An article in Arabian Business describes the additional impact this lack of liquidity is having for new issues and cites an estimate from Standard & Poor's that there are $45 billion in new issuance in the pipeline. Badlisyah Abdul Ghani, the CEO of CIMB Islamic, describes "the problem of reluctance on the part of the issuer to issue in the sukuk market. If it's illiquid, then price distortion may occur, and it might reflect badly on them. It creates a benchmark for themselves". The illiquidity of outstanding sukuk--only 25% are publicly listed according to a report by McKinsey--means that when new issues are being priced, they will be based on the prices of sukuk trading in the sukuk market, and a distorted price will increase the cost to issuers. In comparison with conventional bonds, even the most liquid secondary market for sukuk in Malaysia is illiquid. The total trading volume of sukuk in Malaysia is 88% of the total outstanding value compared with 209% for conventional bonds. One of the impediments to secondary market trading is that, besides the good yields offered by sukuk, there are few sukuk traded that one could buy to replace a sukuk sold. It's a vicious circle for creating a secondary market: in order for a secondary market to develop, there need to be sukuk available to buy for holders of sukuk to be willing to part with the ones they have.
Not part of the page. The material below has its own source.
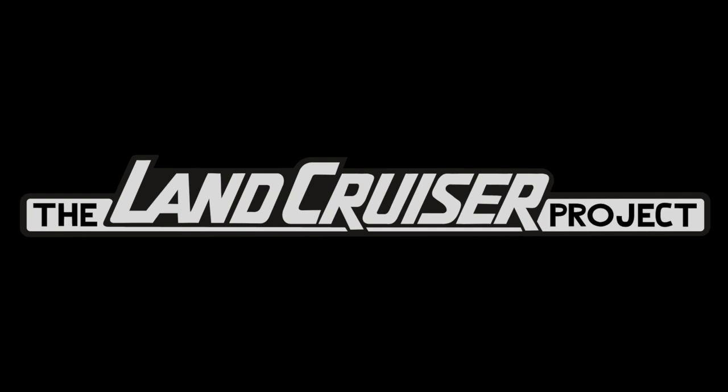Welcome to the Land Cruiser Project. What we do on this channel is review listings for 80 series, 100 series, and 200 series Land Cruisers. We do this in order to identify common issues that pop up on these vehicles, to make sure sellers are disclosing everything in their listings, and just because I'm a big Land Cruiser enthusiast — I'd assume you are too, since you're here.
PBS, the U.S. public television channel, has a segment on the availability of Islamic home finance in the U.S. and focuses the segment on the Islamic finance company Guidance Residential. Guidance is one of the largest Islamic finance companies in the U.S. and has financed over 5,000 home purchases and during the middle of 2007, the company passed the $1 billion mark for total value of financing closed. Although there is some criticism of Islamic finance companies receiving financing for the Islamic mortgages from government-sponsored enterprises like Fannie Mae and Freddie Mac, an alternative is currently lacking.
Reuters has an article on the growth in Islamic finance that is fairly broad in its scope but includes some focus on the growth of the industry in non-Muslim majority countries.